Por esse motivo ganha redobrada importância a proposta de requalificação do edifício situado na Rua da Bela Vista, cuja Certidão Urbanística foi discutida na última reunião de Câmara. Toda e qualquer intervenção efectuada no âmbito do contexto urbanístico e patrimonial que seja sinónimo de melhoria da qualidade dos edifícios, e que o faça sem desvirtuar o seu enquadramento genérico na realidade local, é contributo decisivo para o reforço da vocação turística municipal, sendo que esta, conforme está plasmado no próprio Plano Director Municipal, deverá ser resultando de um acréscimo na identidade dos moradores e frequentadores do local.


 
 
O potencial educativo e pedagógico do Alto da Bela Vista, tal como acontece em tantos outros cantos e recantos de Cascais, é imenso.
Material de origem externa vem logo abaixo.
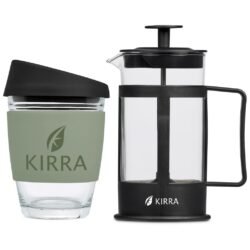 GF-KS-1371-B-SA_1024X1024 Kooshty Contempro Coffee Set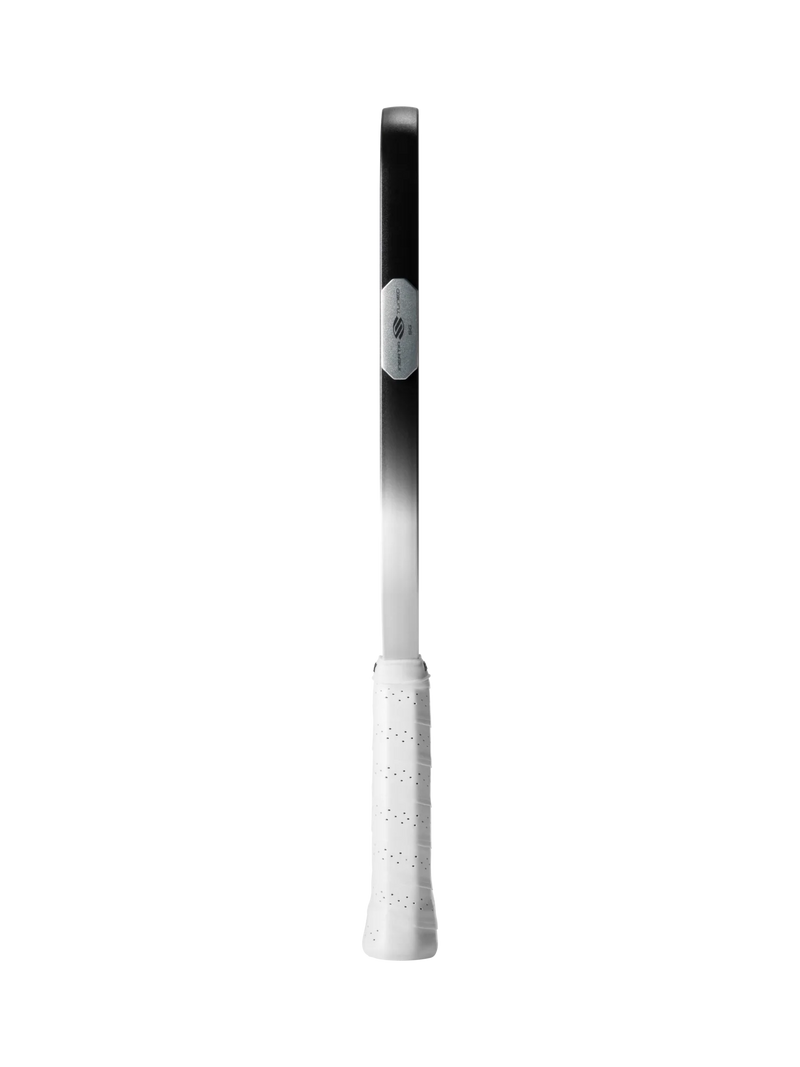 Selkirk SLK SLK Geo Elongated Paddle - White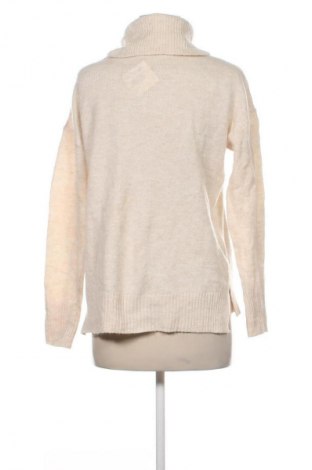 Női pulóver Janina, Méret S, Szín Bézs, Ár 3 259 Ft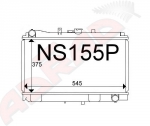 NS155P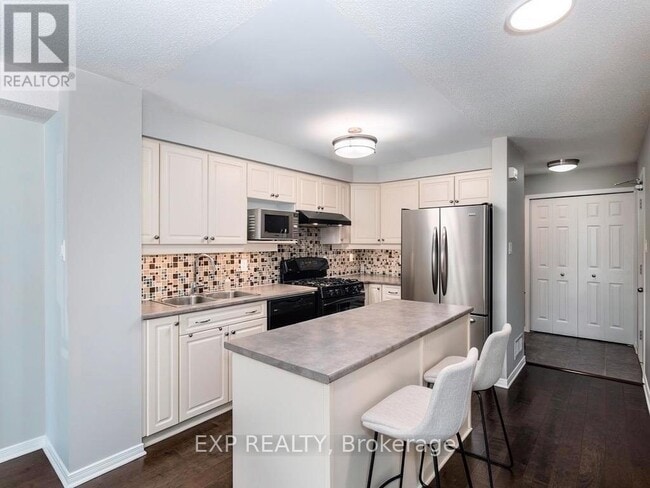 Building Photo - 4031 Canyon Walk Dr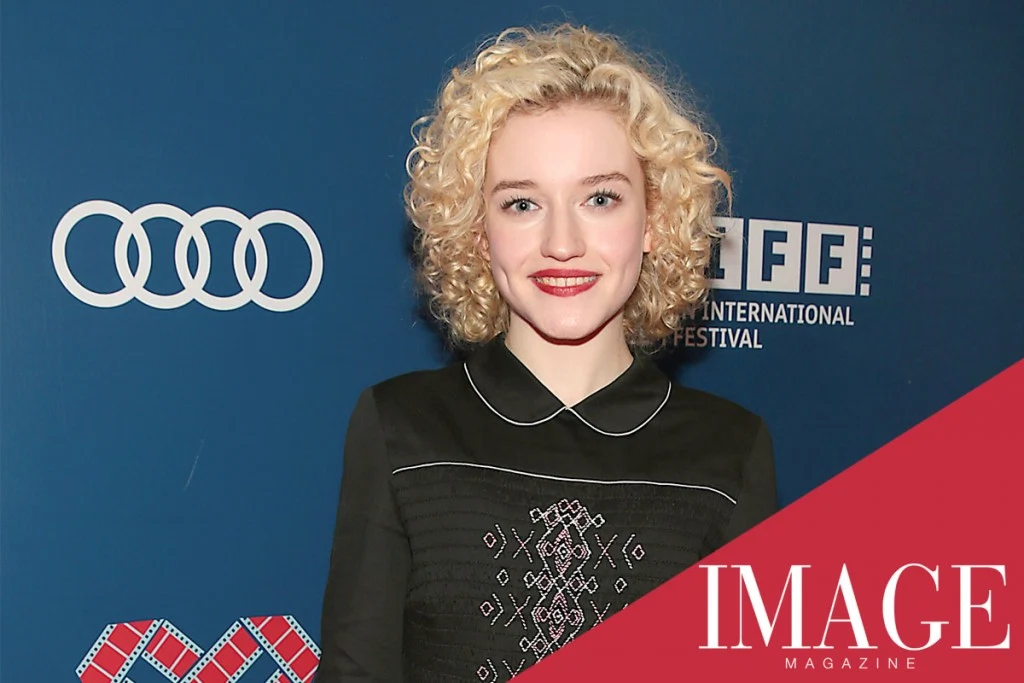 Social Pics: Tomato Red Screening At The Audi Dublin International Film Festival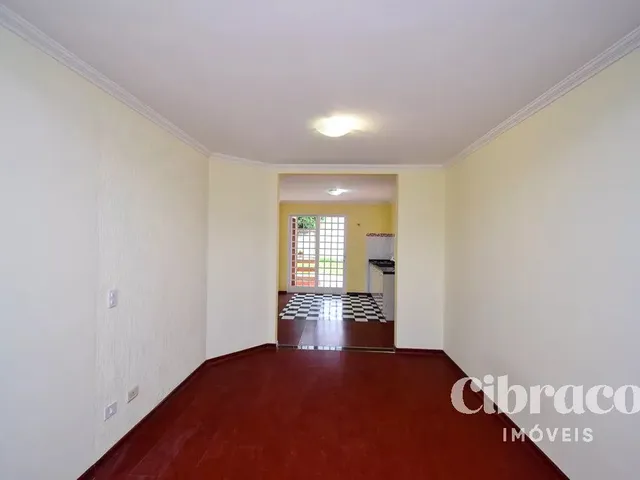 Casa 4 quartos e 1 banheiro, à venda, no bairro Afonso Pena em São José Dos Pinhais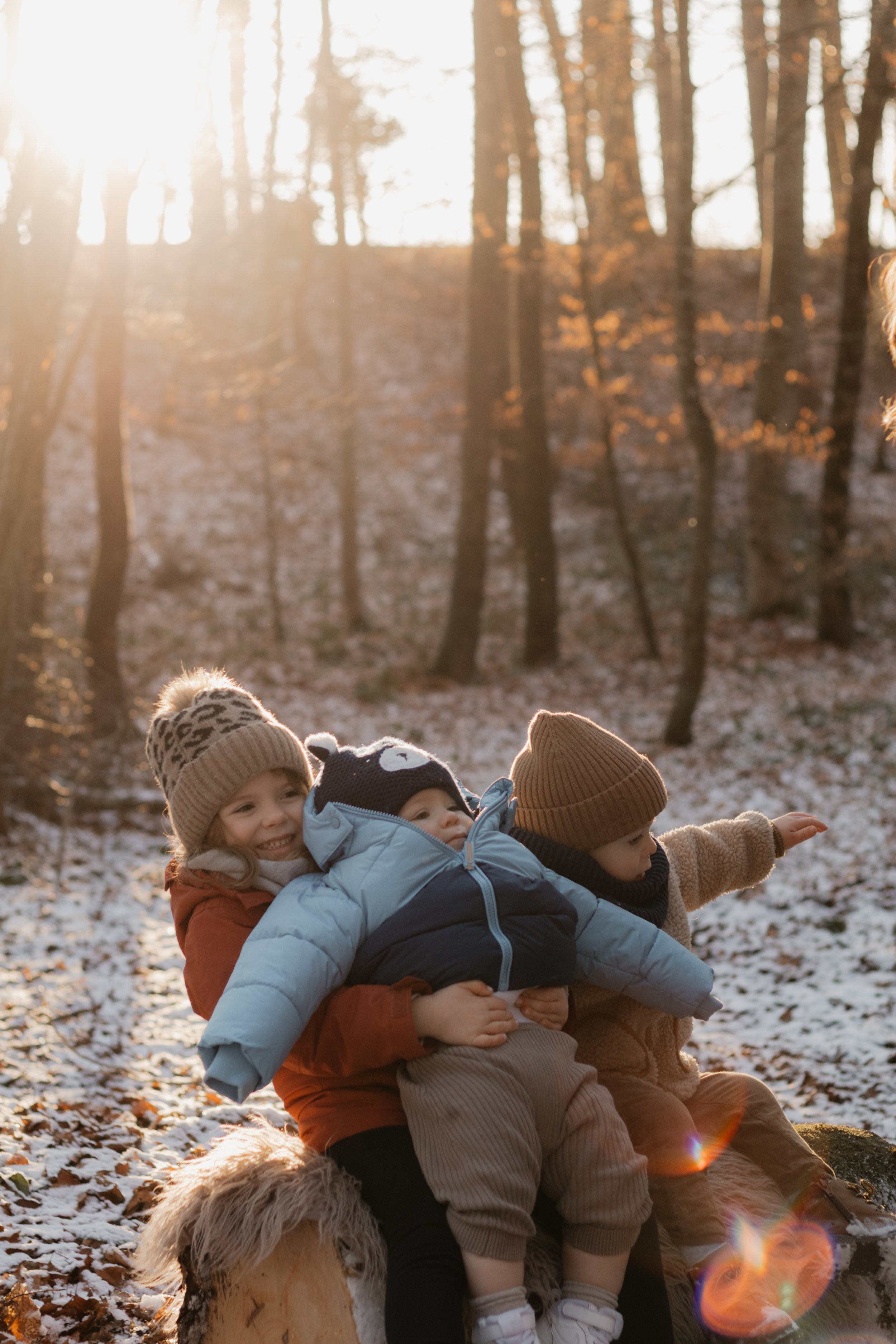 Family 103.jpg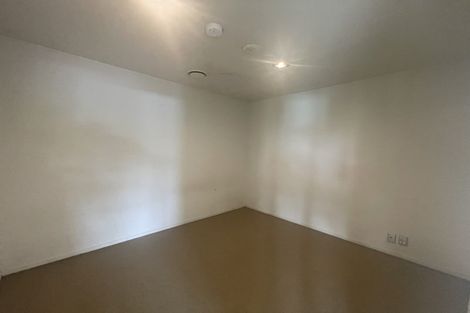 Photo of property in 32/222 Albany Highway, Schnapper Rock, Auckland, 0632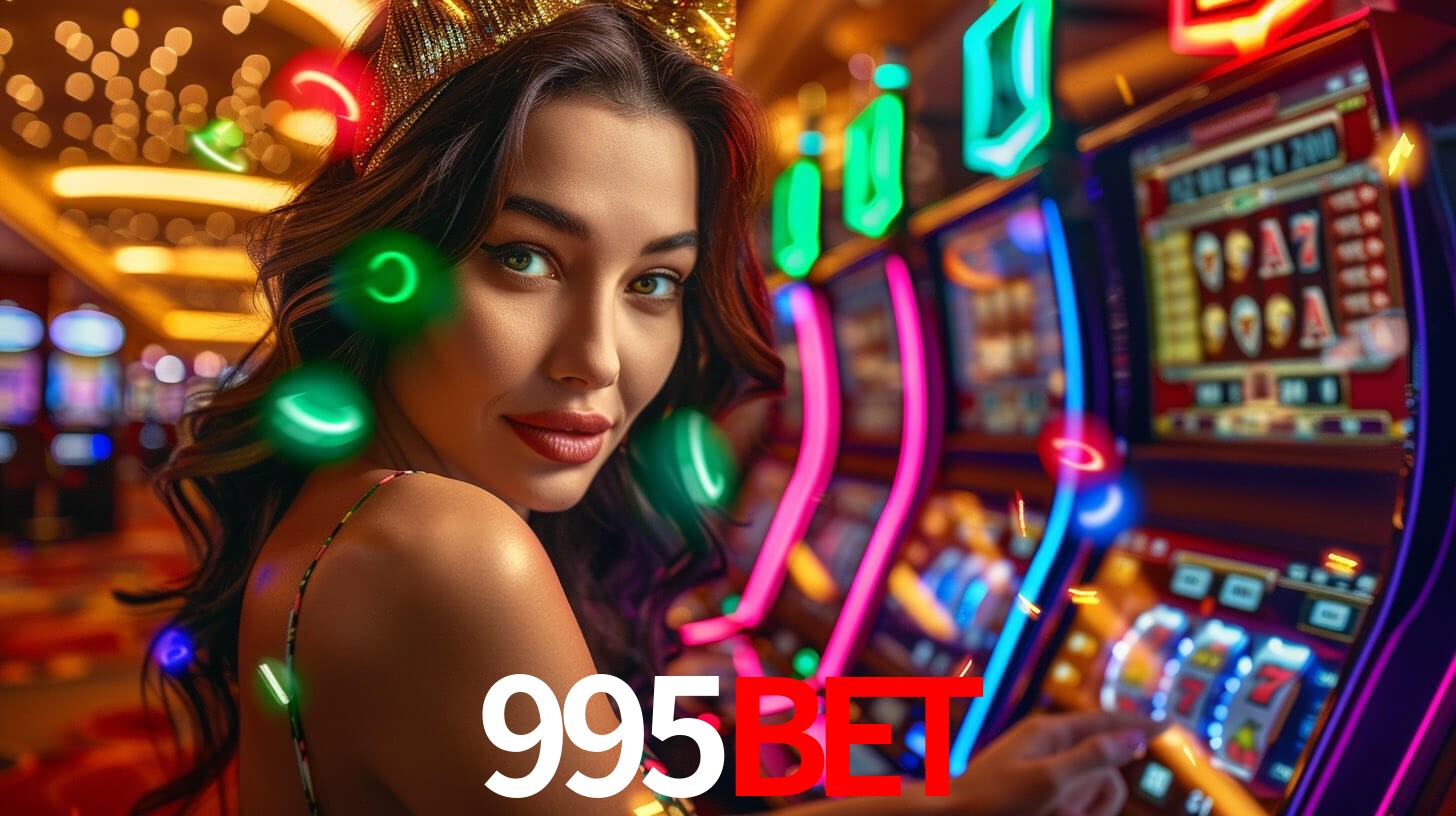 995bet,995bet.com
É ali que reside a possibilidade de as novas gerações criarem laços e vínculos perenes com quem os antecedeu na ocupação deste espaço. Só assim, com esses laços bem evidentes e com uma abordagem politicamente consciente desta importância, será possível fazer crescer Cascais com qualidade, motivando os equilíbrios sociais com as necessidades de prosperidade e empreendedorismo, e zelando por um reforço efectivo da Identidade Municipal, essencial para uma cidadania consciente e, em última instância, para uma democracia saudável.


 
 
Conclusão
 
A Aldeia Nova de Cascais é uma realidade desconhecida de quase toda a gente. E esse facto, associado aos naturais processos de rejuvenescimento dos nossos espaços habitacionais consolidados, acaba por fazer perder potencialidades que um conhecimento enquadratório daquela realidade almejaria alcançar.
 
Compreender a razão de ser daquele espaço, os motivos que levaram a que tivesse chegado até nós com as características que nele reconhecemos e as potencialidades imensas que possui para a definição da qualidade que todos desejemos para Cascais, ajuda os técnicos que formulam e apreciam os projectos para aquele lugar, os professores e educadores das escolas locais, os políticos que decidem os destinos da nossa terra, e até o cidadão comum que pretende construir ali (ou reconstruir) a sua casa, a tomar as decisões que melhor correspondem aos interesses de todos os Cascalenses.
 
Porque sem consciência de quem somos, de onde viemos e para onde vamos, as discussões acabam naturalmente por perder-se nos interesses mais mesquinhos e imediatos, delas resultando pouco mais do que uma pequena peça na engrenagem imensa com que o sistema político que temos nos constrange.
 
 
Porque como dizia Pedro Falcão no seu “Cascais Menino”, este é “o Cascais com que sonhamos”.